The data:
------------

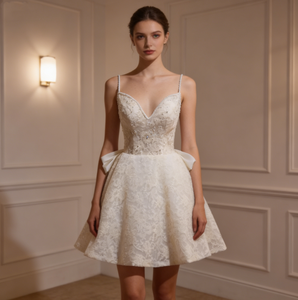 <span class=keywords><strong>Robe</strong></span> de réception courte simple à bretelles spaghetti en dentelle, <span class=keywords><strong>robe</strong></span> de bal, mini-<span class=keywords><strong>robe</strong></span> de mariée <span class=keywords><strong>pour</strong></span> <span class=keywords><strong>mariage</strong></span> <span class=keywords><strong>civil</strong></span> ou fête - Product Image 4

------------

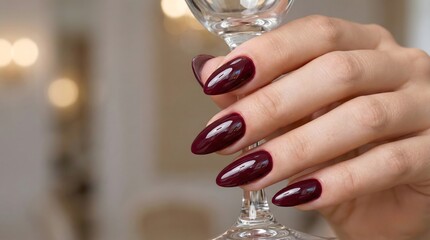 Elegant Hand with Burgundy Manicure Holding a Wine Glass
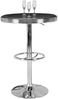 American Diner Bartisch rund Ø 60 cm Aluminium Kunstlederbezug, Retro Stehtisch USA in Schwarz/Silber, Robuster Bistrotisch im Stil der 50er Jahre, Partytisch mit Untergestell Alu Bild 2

------------

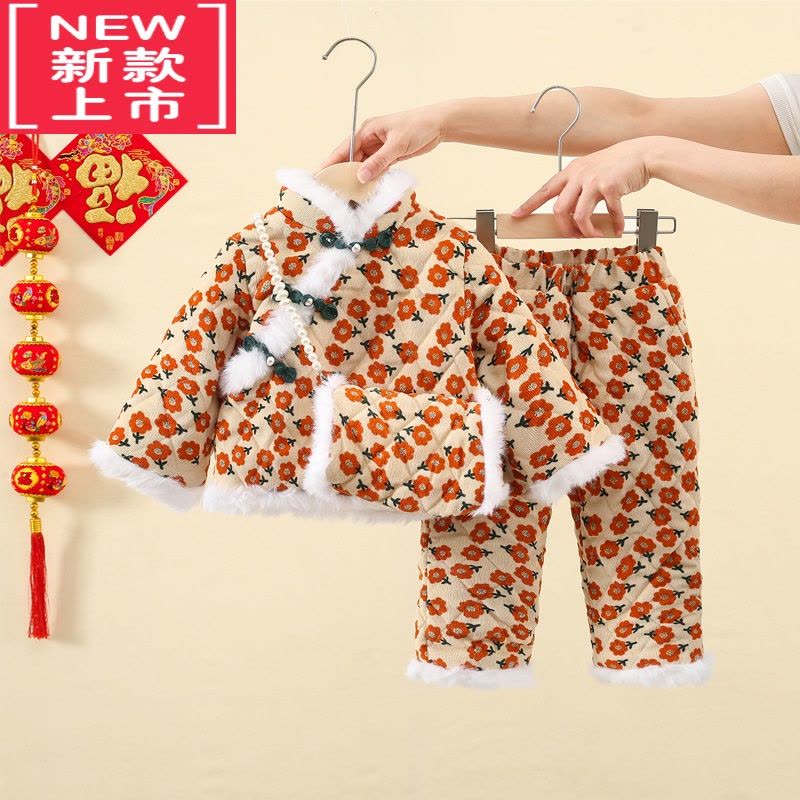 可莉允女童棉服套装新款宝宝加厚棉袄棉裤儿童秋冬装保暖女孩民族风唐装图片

------------

Work required: The copy should hold exactly the lines above from the one with "Elegant Hand with" through the one with "American Diner Bartisch", both ends counted, and no pictures at all.

Response:
 Elegant Hand with Burgundy Manicure Holding a Wine Glass
 American Diner Bartisch rund Ø 60 cm Aluminium Kunstlederbezug, Retro Stehtisch USA in Schwarz/Silber, Robuster Bistrotisch im Stil der 50er Jahre, Partytisch mit Untergestell Alu Bild 2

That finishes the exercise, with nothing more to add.